Currently the Italian Hub has only autoencoding (e.g.
BERTino) and autoregressive (e.g.
GePpeTto) language models. For this project, the goal is to create a strong
Text2TextGeneration model for seq2seq tasks in Italian.
We’ll be using a random T5 model with a configuration similar to the one of
t5-base, since the Flax implementation was recently made available on the Hub.
Recently the multilingual C4 dataset was made available, and it surpasses by a large margin the size of the OSCAR corpus (590GB cleaned vs. 69GB). Given the new streaming capabilities for large datasets this should be easily feasible. Another option is to use multiple large datasets (mC4, OSCAR, Italian Wikipedia) with
ìnterleave_datasets to mix them.
We can leverage the T5 pretraining script that is currently being prepared to train the model, and
run_summarization_flax.py to test downstream performances, e.g. on SQUAD-it converted in text2text format.
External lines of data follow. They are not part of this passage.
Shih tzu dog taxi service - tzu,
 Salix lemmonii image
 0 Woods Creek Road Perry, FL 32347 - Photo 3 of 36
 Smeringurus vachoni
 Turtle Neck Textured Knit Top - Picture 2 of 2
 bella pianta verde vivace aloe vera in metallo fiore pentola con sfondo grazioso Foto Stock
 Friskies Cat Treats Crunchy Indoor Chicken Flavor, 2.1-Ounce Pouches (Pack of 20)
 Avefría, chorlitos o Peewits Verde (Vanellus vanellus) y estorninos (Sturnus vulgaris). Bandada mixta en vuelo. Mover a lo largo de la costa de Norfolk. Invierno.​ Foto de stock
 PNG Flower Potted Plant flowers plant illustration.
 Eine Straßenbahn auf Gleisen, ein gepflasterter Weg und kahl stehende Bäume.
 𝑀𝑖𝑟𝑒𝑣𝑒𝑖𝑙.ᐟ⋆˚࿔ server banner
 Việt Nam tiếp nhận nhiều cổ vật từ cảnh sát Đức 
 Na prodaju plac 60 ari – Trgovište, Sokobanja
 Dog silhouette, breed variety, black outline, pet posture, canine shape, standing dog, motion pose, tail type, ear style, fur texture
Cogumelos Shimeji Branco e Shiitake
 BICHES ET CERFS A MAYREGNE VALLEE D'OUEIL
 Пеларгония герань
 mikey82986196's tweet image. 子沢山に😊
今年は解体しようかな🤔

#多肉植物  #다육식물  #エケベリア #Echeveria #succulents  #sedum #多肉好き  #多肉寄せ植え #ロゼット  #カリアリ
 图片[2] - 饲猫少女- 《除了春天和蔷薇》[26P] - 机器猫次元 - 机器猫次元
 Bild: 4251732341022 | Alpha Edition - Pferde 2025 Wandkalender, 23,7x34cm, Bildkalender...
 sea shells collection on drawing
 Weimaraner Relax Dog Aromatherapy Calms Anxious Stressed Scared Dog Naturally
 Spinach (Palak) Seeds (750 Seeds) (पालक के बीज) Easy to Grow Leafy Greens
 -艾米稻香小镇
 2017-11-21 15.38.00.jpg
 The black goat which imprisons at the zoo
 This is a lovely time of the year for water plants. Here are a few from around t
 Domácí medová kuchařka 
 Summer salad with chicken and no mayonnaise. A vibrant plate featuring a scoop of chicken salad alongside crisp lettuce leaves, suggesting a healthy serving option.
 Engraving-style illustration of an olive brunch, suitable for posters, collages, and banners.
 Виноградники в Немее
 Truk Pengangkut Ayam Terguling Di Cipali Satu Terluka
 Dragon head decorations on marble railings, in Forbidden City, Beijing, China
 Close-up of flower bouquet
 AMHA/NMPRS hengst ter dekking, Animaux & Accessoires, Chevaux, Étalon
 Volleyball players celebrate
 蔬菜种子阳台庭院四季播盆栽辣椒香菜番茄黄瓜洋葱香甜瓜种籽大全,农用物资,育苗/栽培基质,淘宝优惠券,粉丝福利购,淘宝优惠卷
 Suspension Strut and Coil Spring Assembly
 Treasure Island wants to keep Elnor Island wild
The project involves a pre-training of a large LM, so it will inevitably take some time to reach competitive performances. Most scripts and implementations are very new, and as such it is possible that we’ll incur in some issues to be fixed.
The main project outcome, besides producing a trained T5 model for Italian, is to have fun and get our hands dirty with some ! We could optionally test the validity of our results at a later stage by fine-tuning the model on some downstream tasks.